Blizzard Blackout

When I Look At You

“I think something’s wrong with the baby,” Val whispered breathlessly, speaking the words no one wanted to hear.

“It hurts, he’s hurt!” I screamed trying to clutch my stomach. No one had known the sex of the baby, it was supposed to be a surprise but I found out, I had asked the doctor. It was a boy, my little Trystan James Haner and I could tell that he was hurting. “Something’s wrong, something’s wrong—“

“What do we do?” no one could believe that Brian was actually crying, holding my hand like if I let go, I’d vanish.

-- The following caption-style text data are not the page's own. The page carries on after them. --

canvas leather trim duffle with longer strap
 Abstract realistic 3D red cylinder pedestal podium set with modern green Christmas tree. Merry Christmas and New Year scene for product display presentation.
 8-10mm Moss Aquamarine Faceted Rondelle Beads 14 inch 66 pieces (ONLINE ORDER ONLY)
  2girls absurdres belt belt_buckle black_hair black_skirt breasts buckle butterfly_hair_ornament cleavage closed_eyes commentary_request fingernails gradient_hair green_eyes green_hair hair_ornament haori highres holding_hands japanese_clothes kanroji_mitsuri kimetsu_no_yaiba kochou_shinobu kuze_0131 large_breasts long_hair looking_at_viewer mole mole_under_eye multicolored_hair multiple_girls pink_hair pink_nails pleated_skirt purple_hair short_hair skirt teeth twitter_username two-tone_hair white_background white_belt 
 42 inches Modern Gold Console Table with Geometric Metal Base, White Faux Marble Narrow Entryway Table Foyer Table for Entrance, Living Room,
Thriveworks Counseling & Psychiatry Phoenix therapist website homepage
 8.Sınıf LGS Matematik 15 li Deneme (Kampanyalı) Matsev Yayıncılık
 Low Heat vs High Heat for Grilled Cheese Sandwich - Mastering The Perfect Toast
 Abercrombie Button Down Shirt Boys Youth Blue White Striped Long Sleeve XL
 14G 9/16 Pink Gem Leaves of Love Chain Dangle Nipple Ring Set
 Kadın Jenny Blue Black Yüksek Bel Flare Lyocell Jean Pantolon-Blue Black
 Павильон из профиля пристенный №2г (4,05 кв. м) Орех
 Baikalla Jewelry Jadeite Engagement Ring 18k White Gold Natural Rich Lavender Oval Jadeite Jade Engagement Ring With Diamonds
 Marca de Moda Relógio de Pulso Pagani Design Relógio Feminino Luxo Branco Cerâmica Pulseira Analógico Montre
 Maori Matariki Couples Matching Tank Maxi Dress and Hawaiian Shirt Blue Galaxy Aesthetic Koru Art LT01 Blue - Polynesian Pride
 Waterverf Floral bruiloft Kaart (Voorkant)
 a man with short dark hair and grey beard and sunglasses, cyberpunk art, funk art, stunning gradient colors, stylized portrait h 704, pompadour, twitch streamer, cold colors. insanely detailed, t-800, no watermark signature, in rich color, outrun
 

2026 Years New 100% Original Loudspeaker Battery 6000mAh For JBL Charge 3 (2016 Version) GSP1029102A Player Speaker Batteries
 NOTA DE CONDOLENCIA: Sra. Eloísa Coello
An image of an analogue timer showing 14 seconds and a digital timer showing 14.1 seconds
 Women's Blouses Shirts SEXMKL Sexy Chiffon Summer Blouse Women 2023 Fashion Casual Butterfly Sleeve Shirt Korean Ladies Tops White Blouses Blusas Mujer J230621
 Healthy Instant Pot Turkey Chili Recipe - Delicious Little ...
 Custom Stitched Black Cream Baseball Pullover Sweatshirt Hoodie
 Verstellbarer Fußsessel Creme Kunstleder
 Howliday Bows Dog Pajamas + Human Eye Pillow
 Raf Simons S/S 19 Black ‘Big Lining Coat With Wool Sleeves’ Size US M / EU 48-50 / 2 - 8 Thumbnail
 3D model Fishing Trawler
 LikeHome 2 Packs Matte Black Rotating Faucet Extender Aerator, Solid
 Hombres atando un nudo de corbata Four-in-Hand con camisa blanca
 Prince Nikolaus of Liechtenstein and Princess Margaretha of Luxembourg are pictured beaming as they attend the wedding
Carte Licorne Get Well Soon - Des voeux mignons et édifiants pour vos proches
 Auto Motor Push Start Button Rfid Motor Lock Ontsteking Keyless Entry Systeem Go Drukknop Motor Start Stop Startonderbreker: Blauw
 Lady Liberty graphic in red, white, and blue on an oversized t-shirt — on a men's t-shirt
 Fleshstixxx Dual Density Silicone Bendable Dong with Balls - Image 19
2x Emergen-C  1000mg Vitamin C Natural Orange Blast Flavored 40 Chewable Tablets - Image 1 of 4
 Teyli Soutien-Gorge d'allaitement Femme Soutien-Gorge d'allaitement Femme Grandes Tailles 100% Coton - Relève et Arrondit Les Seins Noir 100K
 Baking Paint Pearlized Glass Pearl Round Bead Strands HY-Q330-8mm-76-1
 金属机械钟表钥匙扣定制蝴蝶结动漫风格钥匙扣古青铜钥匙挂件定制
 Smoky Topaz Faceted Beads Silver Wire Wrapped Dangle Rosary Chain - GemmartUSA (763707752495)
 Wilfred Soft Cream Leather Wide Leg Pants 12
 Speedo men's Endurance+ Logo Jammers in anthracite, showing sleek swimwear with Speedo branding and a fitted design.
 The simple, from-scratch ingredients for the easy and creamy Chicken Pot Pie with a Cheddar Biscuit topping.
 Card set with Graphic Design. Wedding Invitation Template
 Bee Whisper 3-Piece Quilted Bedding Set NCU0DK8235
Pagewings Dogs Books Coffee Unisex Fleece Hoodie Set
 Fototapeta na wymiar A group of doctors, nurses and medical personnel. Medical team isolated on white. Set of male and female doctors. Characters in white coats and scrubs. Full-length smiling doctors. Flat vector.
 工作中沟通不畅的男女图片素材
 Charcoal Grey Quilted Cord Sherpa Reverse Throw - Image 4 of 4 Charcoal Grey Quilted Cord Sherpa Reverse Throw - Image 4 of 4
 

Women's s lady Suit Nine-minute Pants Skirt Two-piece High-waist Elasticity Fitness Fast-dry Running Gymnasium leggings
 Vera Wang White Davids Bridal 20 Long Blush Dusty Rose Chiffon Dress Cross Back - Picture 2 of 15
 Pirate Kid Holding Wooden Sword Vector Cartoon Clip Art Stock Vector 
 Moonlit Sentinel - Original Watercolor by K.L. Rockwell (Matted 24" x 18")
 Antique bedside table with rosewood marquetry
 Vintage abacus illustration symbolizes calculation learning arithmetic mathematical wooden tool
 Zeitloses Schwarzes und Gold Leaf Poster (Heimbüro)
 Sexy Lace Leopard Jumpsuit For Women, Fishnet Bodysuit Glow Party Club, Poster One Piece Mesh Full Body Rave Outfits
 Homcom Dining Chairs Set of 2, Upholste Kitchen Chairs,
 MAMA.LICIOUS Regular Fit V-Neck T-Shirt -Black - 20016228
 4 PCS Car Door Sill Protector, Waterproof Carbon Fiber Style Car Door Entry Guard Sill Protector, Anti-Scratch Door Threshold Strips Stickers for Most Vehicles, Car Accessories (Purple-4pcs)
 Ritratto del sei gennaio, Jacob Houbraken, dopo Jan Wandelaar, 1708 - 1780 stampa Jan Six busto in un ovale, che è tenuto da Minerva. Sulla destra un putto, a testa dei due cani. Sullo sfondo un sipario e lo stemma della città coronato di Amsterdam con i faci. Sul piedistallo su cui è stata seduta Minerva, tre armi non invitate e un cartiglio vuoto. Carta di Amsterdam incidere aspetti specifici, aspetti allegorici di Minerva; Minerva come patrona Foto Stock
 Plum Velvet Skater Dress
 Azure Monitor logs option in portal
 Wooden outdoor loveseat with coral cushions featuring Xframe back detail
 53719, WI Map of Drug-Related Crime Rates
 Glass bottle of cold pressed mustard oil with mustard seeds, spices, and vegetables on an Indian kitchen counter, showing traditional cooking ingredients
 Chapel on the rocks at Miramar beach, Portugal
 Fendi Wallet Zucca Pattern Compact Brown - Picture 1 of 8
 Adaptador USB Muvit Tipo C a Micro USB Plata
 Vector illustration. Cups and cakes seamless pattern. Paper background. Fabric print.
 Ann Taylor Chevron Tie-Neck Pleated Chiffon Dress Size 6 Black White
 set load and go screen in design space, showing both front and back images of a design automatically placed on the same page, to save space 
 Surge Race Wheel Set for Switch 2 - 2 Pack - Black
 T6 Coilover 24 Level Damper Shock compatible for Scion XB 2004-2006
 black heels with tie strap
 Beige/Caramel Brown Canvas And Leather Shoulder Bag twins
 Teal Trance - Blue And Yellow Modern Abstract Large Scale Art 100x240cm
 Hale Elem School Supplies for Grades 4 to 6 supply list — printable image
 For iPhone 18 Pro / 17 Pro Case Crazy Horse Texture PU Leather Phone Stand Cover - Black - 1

“Let me through!” Dean pushed his way through the crowd and dropped to his knees, he went to pull off my pants and two people grabbed him. “You want this baby out alive, let go. I’m in residency to be a doctor in the neo-natal intensive care unit at the hospital, I can help her.”

“Let him!” Samantha pushed through and sat beside me, on the opposite side of Brian. “I’m a nurse, we can help her.”

“I need towels, I have to break her water,” Dean ordered people around; I only caught some things, not much. “This is going to hurt, Kasey, I’m sorry.”

The pain was horrible, but not as bad when you’ve gone completely numb from the neck down. I think most of the pain was mental, I was thinking of how bad it could be, especially when everyone started making noises. Not that I wanted them all to look up my crotch and see but no one would leave. “Everyone but Val, Matt and Zacky need to get out!” Brian shouted and everyone listened, the door didn’t shut but they all left the threshold. “Baby, it’ll be alright, I promise.”

“He’s too early, he wasn’t supposed to be here until January,” I cried as Dean went to work, he didn’t have much to work with but he made due.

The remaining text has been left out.